## Problem to work on:
Comb the records below for the string "Holder" and copy each line where it turns up.

## The data:
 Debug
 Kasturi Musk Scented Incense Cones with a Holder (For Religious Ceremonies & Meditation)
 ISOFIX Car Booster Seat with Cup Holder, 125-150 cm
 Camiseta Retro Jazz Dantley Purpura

--

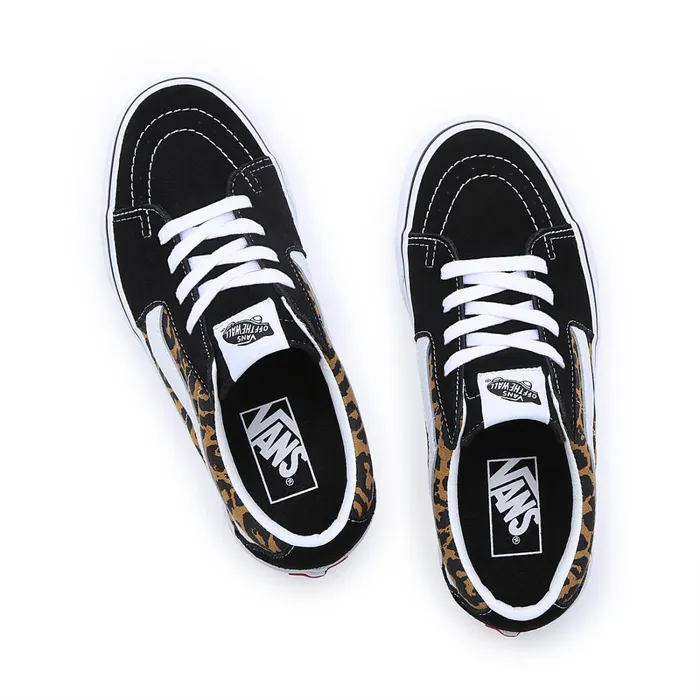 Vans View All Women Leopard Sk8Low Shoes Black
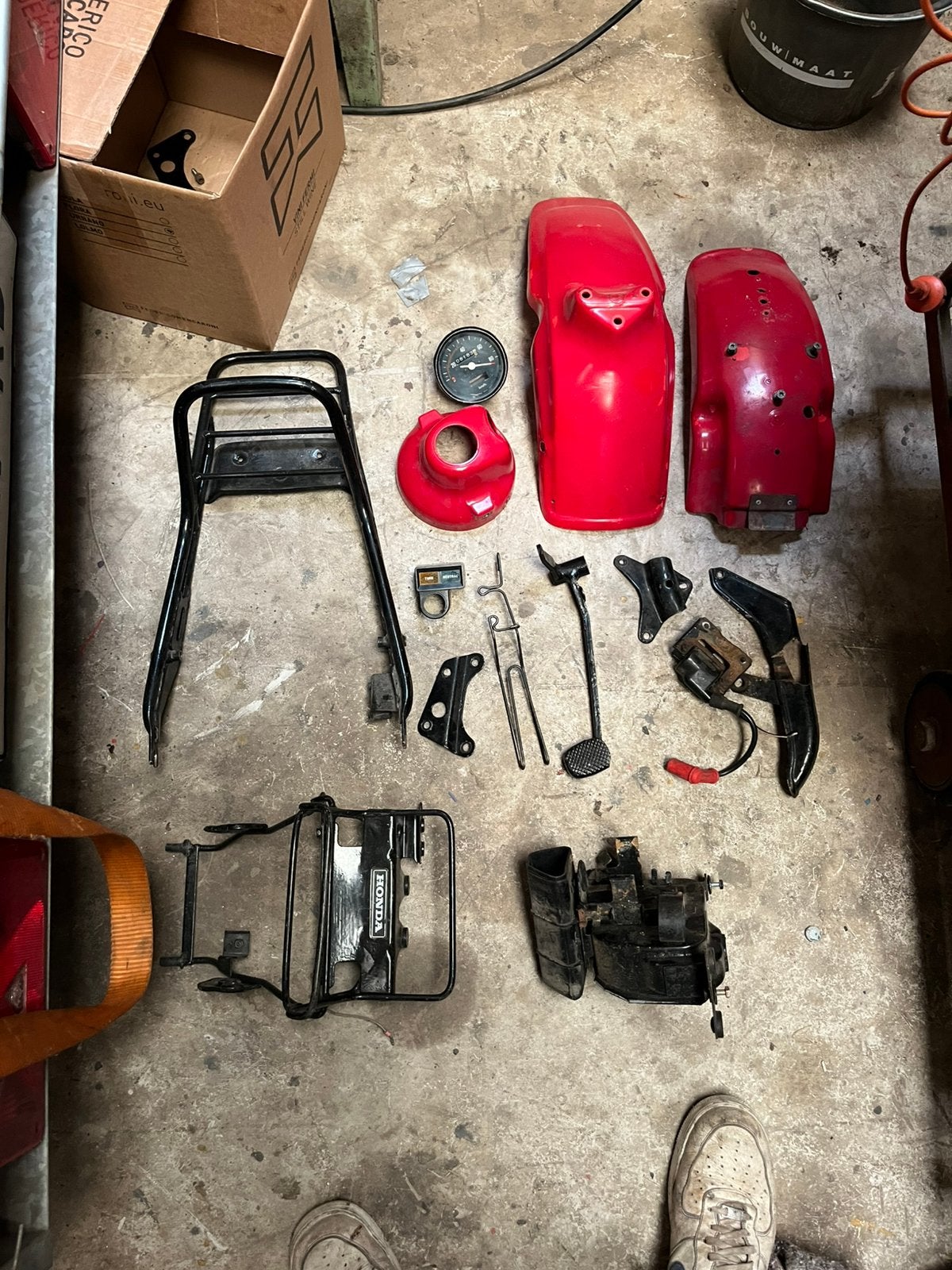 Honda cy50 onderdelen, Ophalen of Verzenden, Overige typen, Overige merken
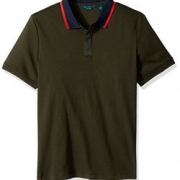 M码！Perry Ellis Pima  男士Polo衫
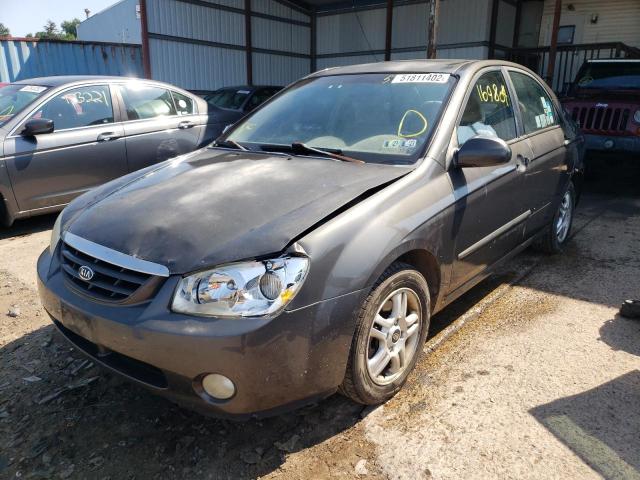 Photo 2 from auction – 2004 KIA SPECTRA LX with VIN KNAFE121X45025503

## Exercise answer:
 Kasturi Musk Scented Incense Cones with a Holder (For Religious Ceremonies & Meditation)
 ISOFIX Car Booster Seat with Cup Holder, 125-150 cm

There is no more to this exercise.